## Dataset excerpts
* * * * * * *
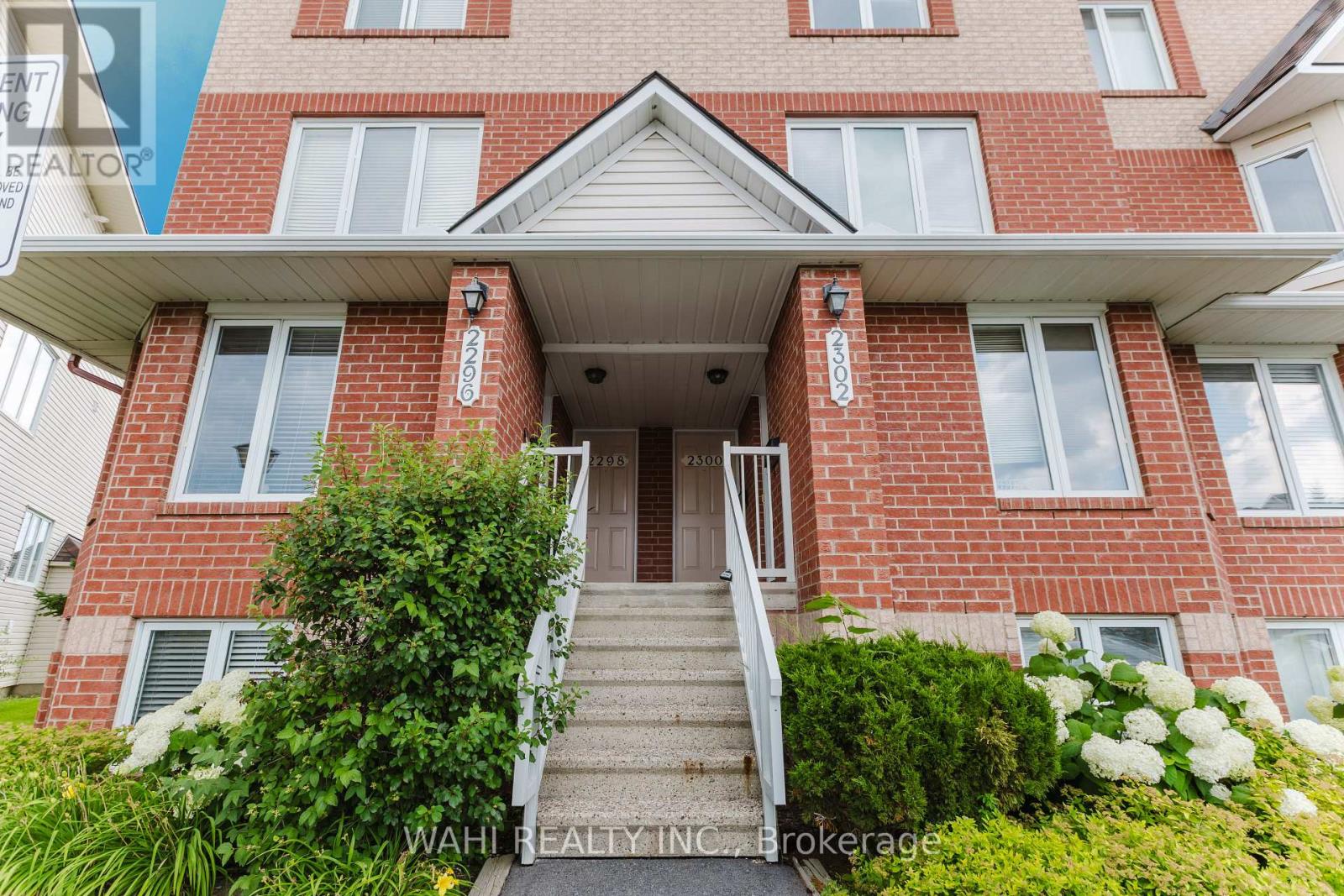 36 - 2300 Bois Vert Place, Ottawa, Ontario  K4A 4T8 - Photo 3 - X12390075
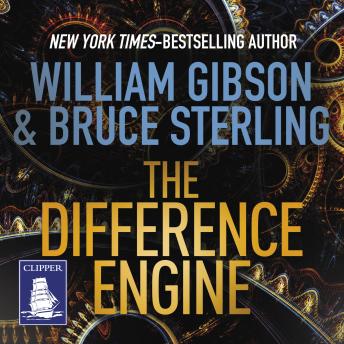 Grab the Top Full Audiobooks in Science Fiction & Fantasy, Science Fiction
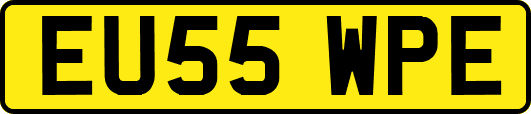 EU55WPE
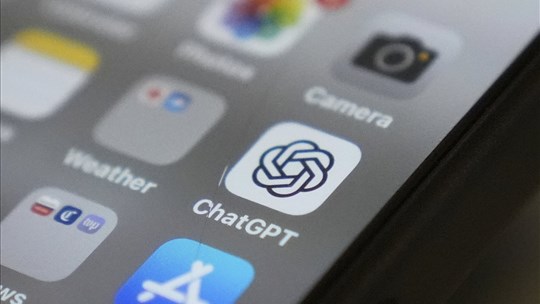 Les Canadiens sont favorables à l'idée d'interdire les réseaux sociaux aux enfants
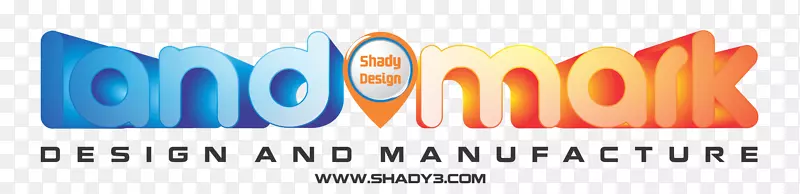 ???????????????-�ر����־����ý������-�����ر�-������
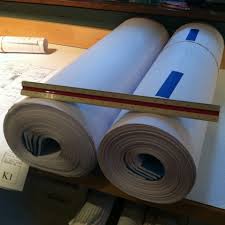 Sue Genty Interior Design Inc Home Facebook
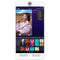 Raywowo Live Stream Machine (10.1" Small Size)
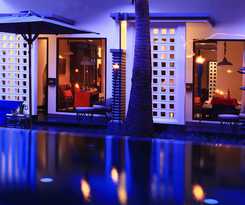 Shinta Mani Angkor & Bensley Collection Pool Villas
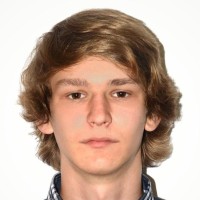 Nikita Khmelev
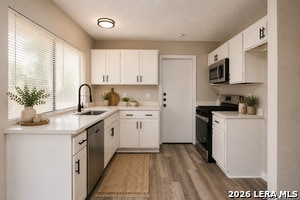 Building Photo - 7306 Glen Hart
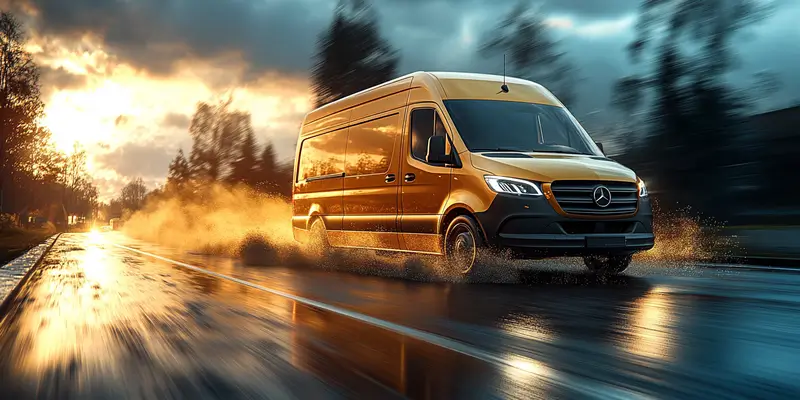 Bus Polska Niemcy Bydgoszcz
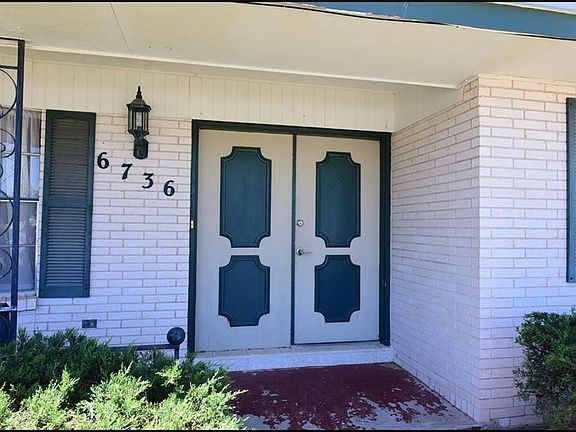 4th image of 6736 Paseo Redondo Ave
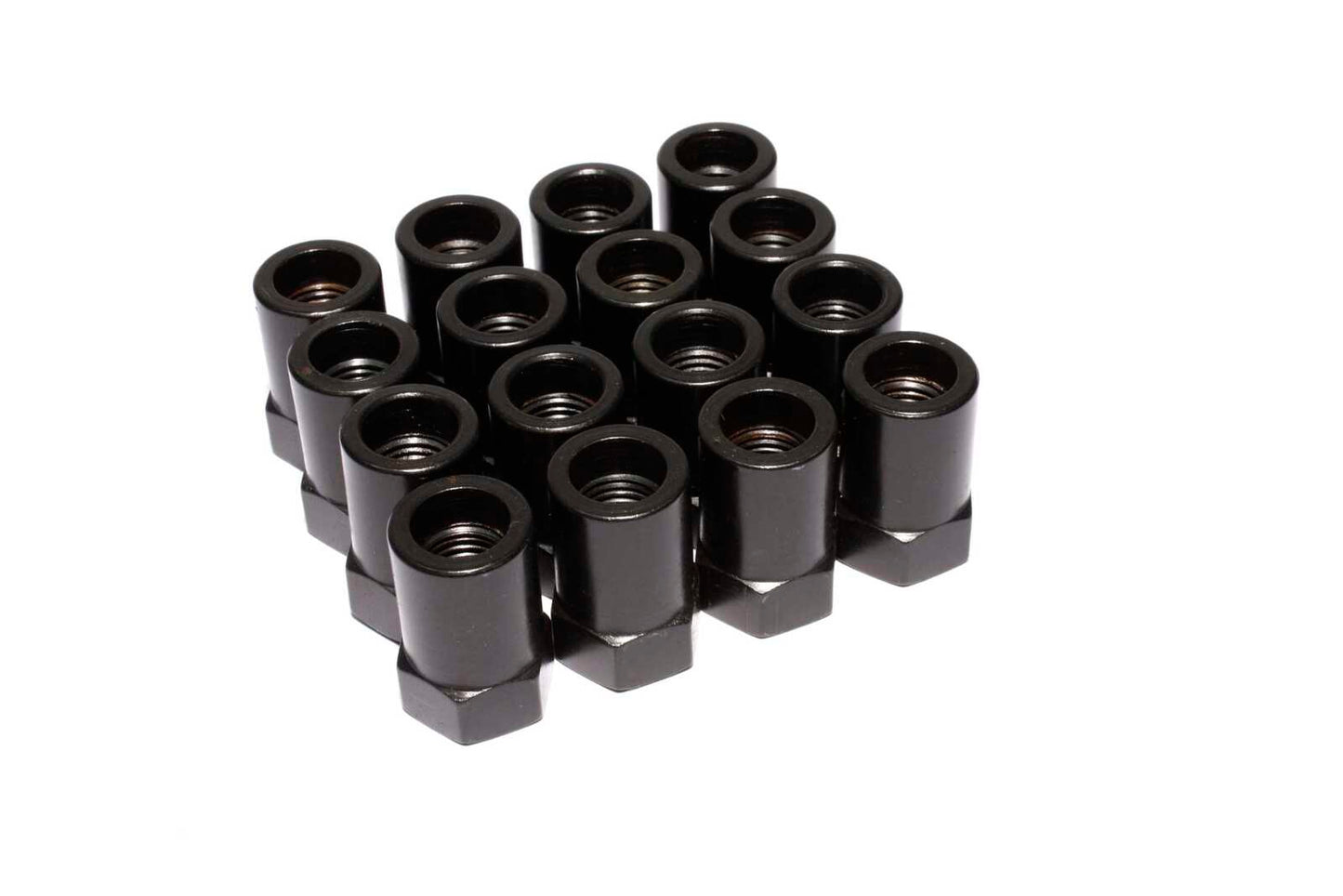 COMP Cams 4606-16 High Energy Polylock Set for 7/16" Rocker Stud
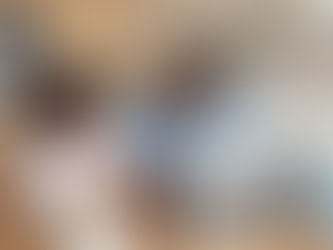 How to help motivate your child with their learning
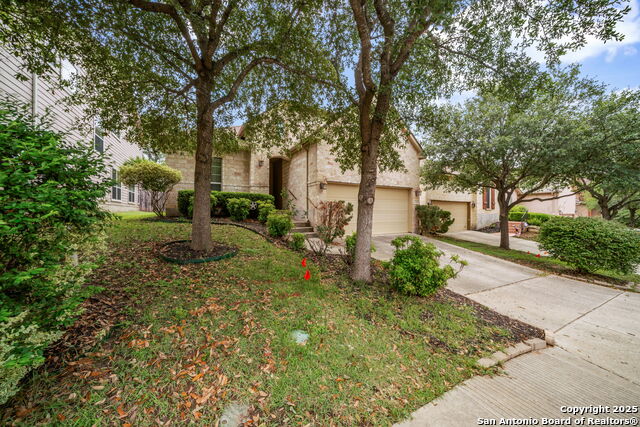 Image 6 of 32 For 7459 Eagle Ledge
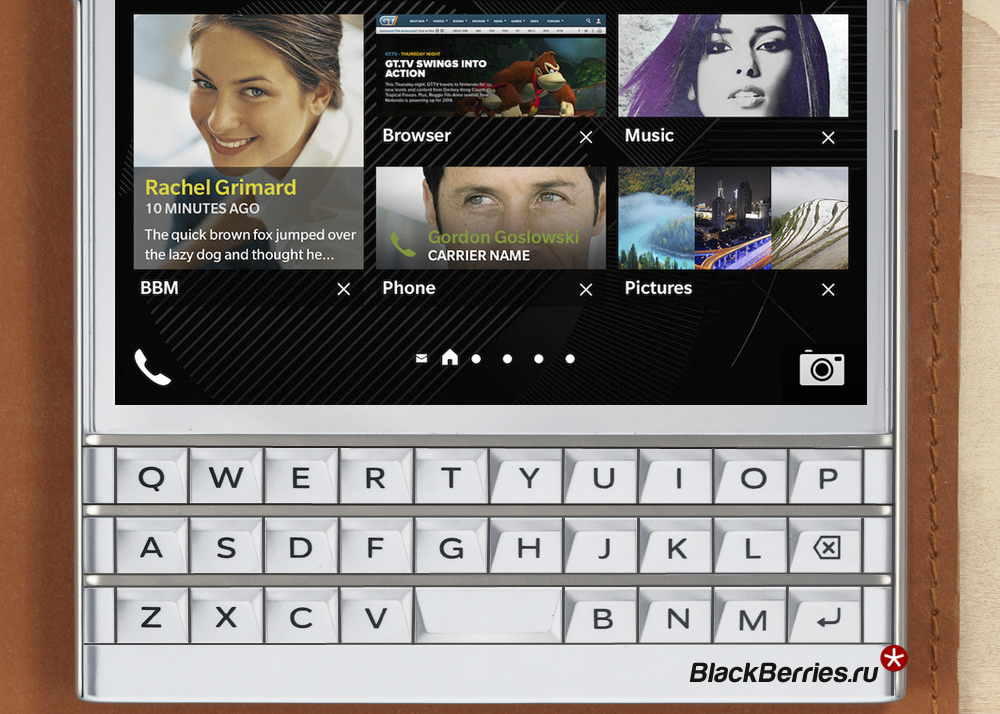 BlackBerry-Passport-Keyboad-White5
* * * * * * *
## What you need to do
Each line from the one that holds "How to help" through the end of the entries must be returned exactly, while any pictures stay out.

## Reply
 How to help motivate your child with their learning
 Image 6 of 32 For 7459 Eagle Ledge
 BlackBerry-Passport-Keyboad-White5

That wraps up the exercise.